What sort of music did you grow up listening to?
My family had such diverse tastes that I grew up with this massively eclectic music library. My mum introduced me to all the amazing female soul singers and then my dad did the same, but with men. My eldest brother was listening to all the best American hip-hop and rap and then the brother below him was listening to all of the British indie bands. I had this blend of Billie Holiday to Aretha Franklin to Etta James; meets John Mayer and Jeff Buckley and Amos Lee; meets Tupac Biggie and Most Def; meets The Kooks. Adele’s debut album - 19 - was a huge record for me, too. It was the first time I’d seen a British artist sing in her own accent and play the guitar and just do her thing in a really beautiful, natural way. When I was making the album, I slowed down with a lot of music listening because it can be a lot of noise when you’re trying to create. I’m getting back into it now so I’m back in that experimental phase where I’m actively looking to discover new music which is nice.
That's so interesting because I've heard you describe your music as 'psycho-acoustic-soul' in the past when you've been pushed on it - a sort of mass collision of all the references you've mentioned - with music as diverse as it is now, do you think it's still relevant to 'define your sound'?
I don’t think it’s irrelevant, but I don’t think it’s as important as it was. I think we have to recognise that different territories and areas will hear you as something different. In America, I know that I’m totally R&B, whereas in the UK I can fit into the R&B/Alternative/Pop world and play off of those a bit more. People aren’t talking about it as much; when I was younger I was always asked to define my sound but now when people ask me I’m just like, ‘I don’t fucking know.’ Music is so subjective and it’s kind of whatever the listener thinks it is, I think.
I’ve read an interview with you where you spoke about how female artists are always pitted against one another and compared in a way we don’t see with male artists as much - why do you think that happens?

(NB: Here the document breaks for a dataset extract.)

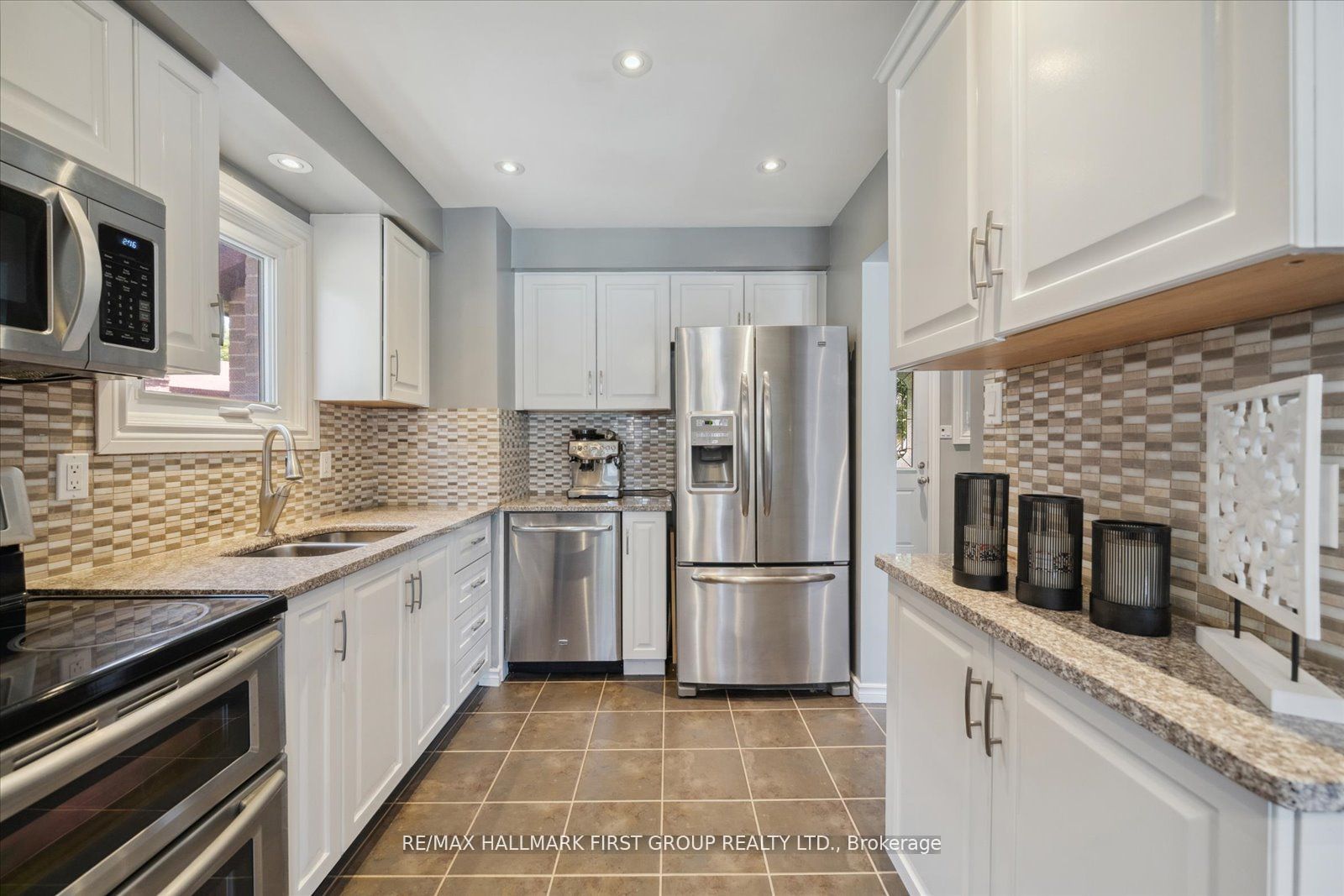 49 Fisher Crescent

Do you know what? I actually don’t know. The reason that I’ve built in my head - maybe just to make myself feel better - is that people find it more difficult to understand women. Although, after all the skeletons in my closet, I firmly believe that men are the most complex creatures in the fucking world. I think the industry finds it easier to draw comparisons between female artists as a way to understand us. I’ve never found these comparisons intelligent, they’re almost always on the surface or about how we look. I don’t mind comparisons where they’re built on top of something that makes sense, but if it’s about how you look or where you’re from then I don’t get it. Maybe they think it makes it easier for the listener? In my mind, I don’t think we’re putting enough trust in the listener. I feel like we are most definitely underestimating the majority of the audience a lot of the time and that’s why we get the comparisons. I don’t think people want easy anymore, though. Everything is so easy with phones and streaming services so I think people are searching for complexity and the chance to find and understand things on their own.